Setting Goals for the New Year


It’s only November, my friends, but now’s the time to set your money and other goals for 2016. I’m a bit of an expert at setting goals. More accurately, I’m an expert and setting  and then failing at accomplishing those goals.  ????  So I thought I’d share with you today a bit about what I’ve learned regarding goal-setting mistakes and goal-setting successes. My hope is that this information will help you accurately set (and achieve) your 2016 financial and other goals.

It’s good, in my ever-so-humble opinion (LOL) to begin by writing down a list of the things you’d like to accomplish in 2016. I like to break my goals down into five parts:

Spiritual (and/or personal development) Goals

Financial Goals

Health Goals

Relationship Goals

Career Goals

This is a great time of year to assess your life in terms of those five areas (you’re welcome to modify the areas to fit your own life), determine where you’ve been and where you want to go in terms of those five areas of your life.  If you’re like me, you’ll grab your trusty notebook and make five columns, one for each of the above areas.

From there, you’ll work to assess and determine the goals or milestones you want to reach for each area. You’ll be putting down as many goals as you’d like for each area, but don’t get overwhelmed, because you’re going to be trimming down this list as need be.

Don’t Get Over-Goaled

It’s important to write down all of your thoughts and feelings about goals for each area, but it’s not always a good idea to work to achieve all of those goals. When we put down too many goals at once, it’s super easy to get overwhelmed and give up. This is why, after you write down your every thought, dream and hope for each goal area, you’ll want to sit down and have a serious talk with yourself (or with your spouse when it comes to joint goals) to identify what you really want out of the new year.

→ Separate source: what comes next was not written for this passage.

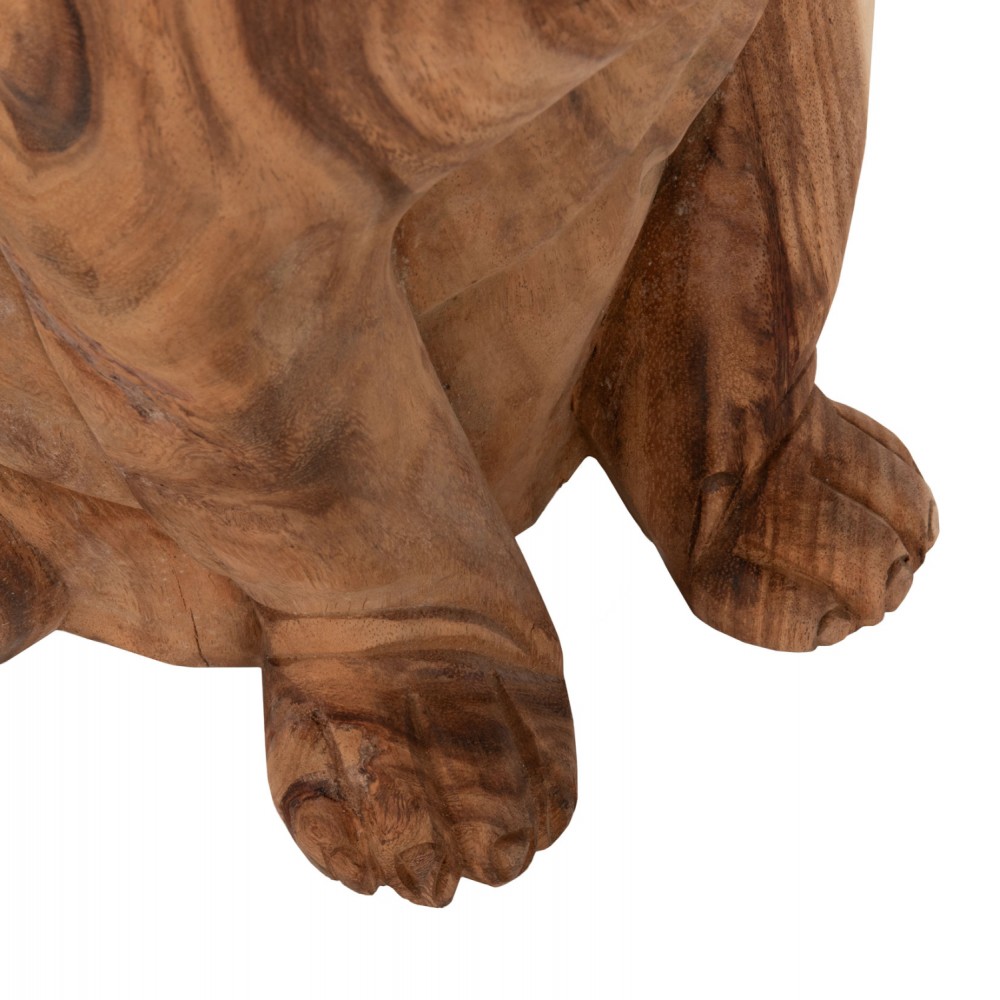 Διακοσμητικό δαπέδου "DOZER BULLDOG" από ξύλο σε φυσικό χρώμα 26x27x40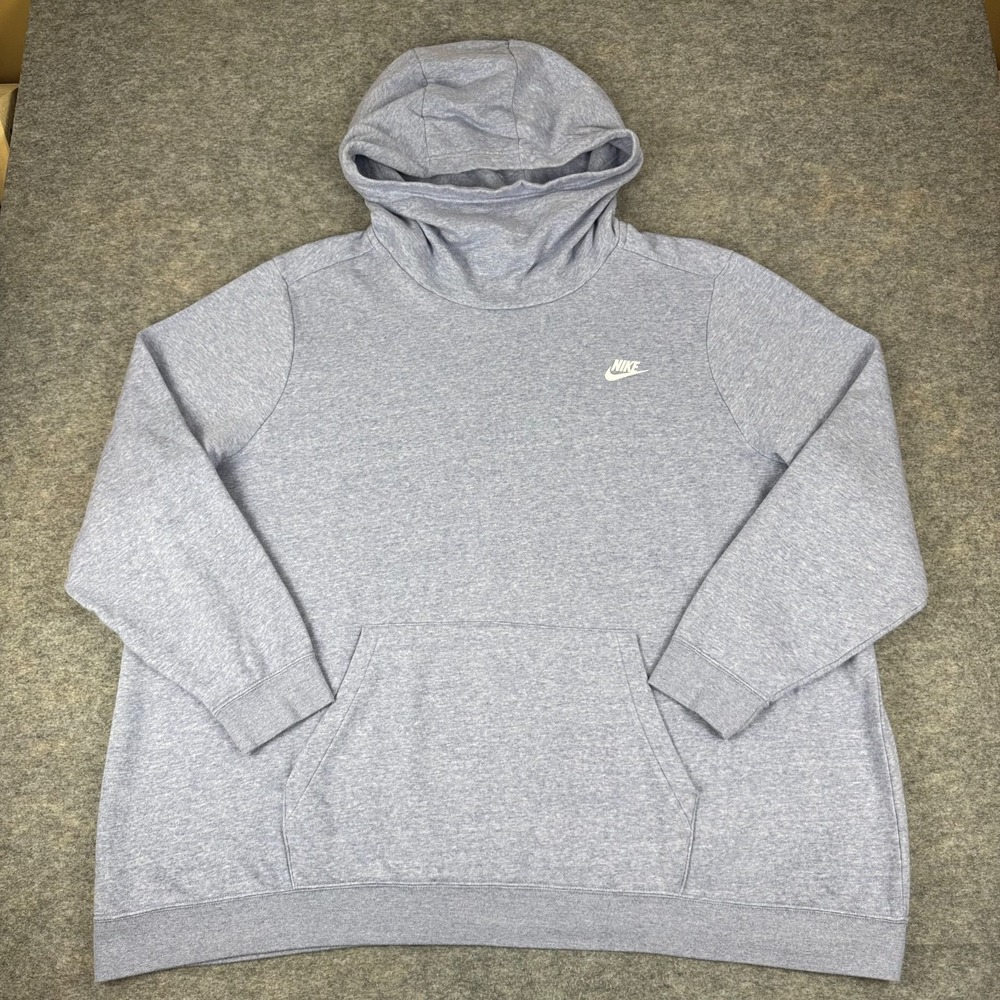 Nike Sportswear Club Fleece Hoodie Funnel Neck Blue Womens Plus 3X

For instance, let’s say my list of health goals looks like this:

  • lose 10 pounds
  • participate in three triathlons
  • eat healthier
  • bike twice a week
  • run three times a week
  • swim three times a week
  • lift weights three times a week

Whoa, Nellie!!  Combine this list with the lists in the other four goal areas, and I’m going to get overwhelmed with goals real quick. This is why my next step should be to pare down my list to 2 or three of my most important goals. In the case of the fictional list above, here’s what I’d do:

  1. Drop the 10 pounds goal. If I follow the other goals the extra weight should come off automatically
  2. Create a realistic workout schedule that is in line with participating in at least one triathlon – since I’ve never completed a triathlon before, three is a bit lofty for a goal, and I can always add more races later if I feel I can reasonably fit it into my schedule.
  3. Define what “eating healthier” means to me and create a list of meals and snacks that fit in with that goal.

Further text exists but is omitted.